Symmetric and antisymmetric properties of solutions to kernel-based machine learning problems

TL;DR

This paper explores how to incorporate symmetry and antisymmetry constraints into kernel-based machine learning models, particularly support vector machines, using specially designed pairwise kernels, supported by theoretical proofs and numerical experiments.

Contribution

It introduces a method to embed symmetry and antisymmetry properties into kernel functions for support vector machines, extending previous work and analyzing the behavior of solutions under optimization algorithms.

Findings

Symmetry and antisymmetry constraints are preserved in the solutions.

Suitable pairwise kernels can encode prior symmetry properties.
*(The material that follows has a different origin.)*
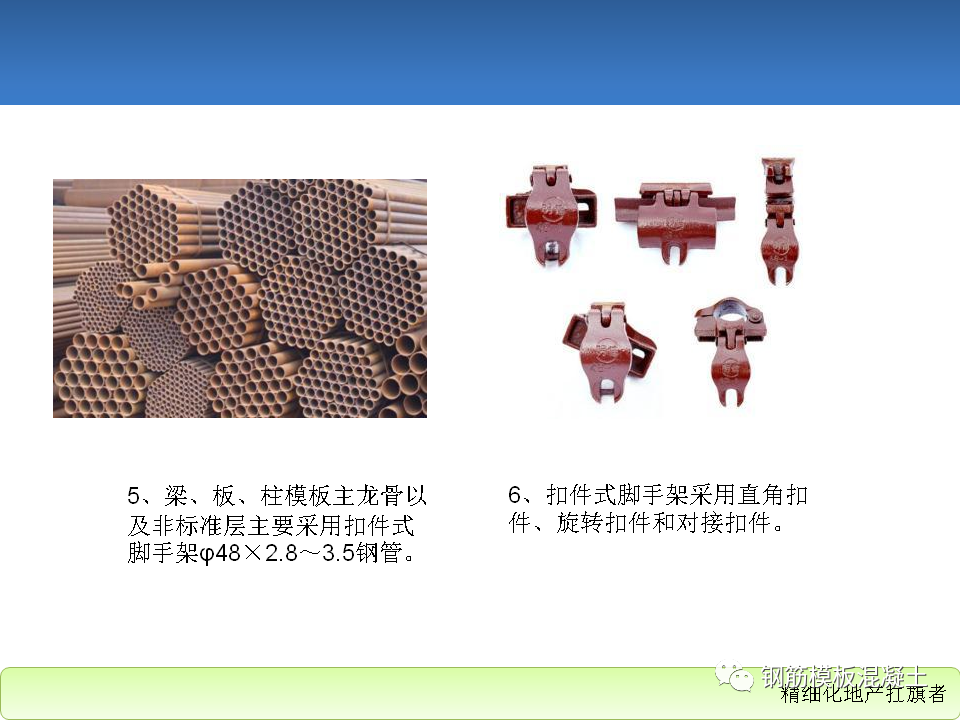 模板工程施工工艺标准培训讲义，78页PPT下载！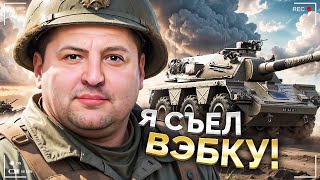 Превью: ЛЕВША СЛОМАЛ ВЕБКУ?! / АНОНС НОВОГО ТУРНИРА ЧАКА 2024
Theoretical and numerical validation of the approach.

Abstract

A particularly interesting instance of supervised learning with kernels is when each training example is associated with two objects, as in pairwise classification (Brunner et al., 2012), and in supervised learning of preference relations (Herbrich et al., 1998). In these cases, one may want to embed additional prior knowledge into the optimization problem associated with the training of the learning machine, modeled, respectively, by the symmetry of its optimal solution with respect to an exchange of order between the two objects, and by its antisymmetry. Extending the approach proposed in (Brunner et al., 2012) (where the only symmetric case was considered), we show, focusing on support vector binary classification, how such embedding is possible through the choice of a suitable pairwise kernel, which takes as inputs the individual feature vectors and also the group feature vectors associated with the two objects. We also prove that the symmetry/antisymmetry constraints still hold when considering the sequence of suboptimal solutions generated by one version of the Sequential Minimal Optimization (SMO) algorithm, and we present numerical results supporting the theoretical findings. We conclude discussing extensions of the main results to support vector regression, to transductive support vector machines, and to several kinds of graph kernels, including diffusion kernels.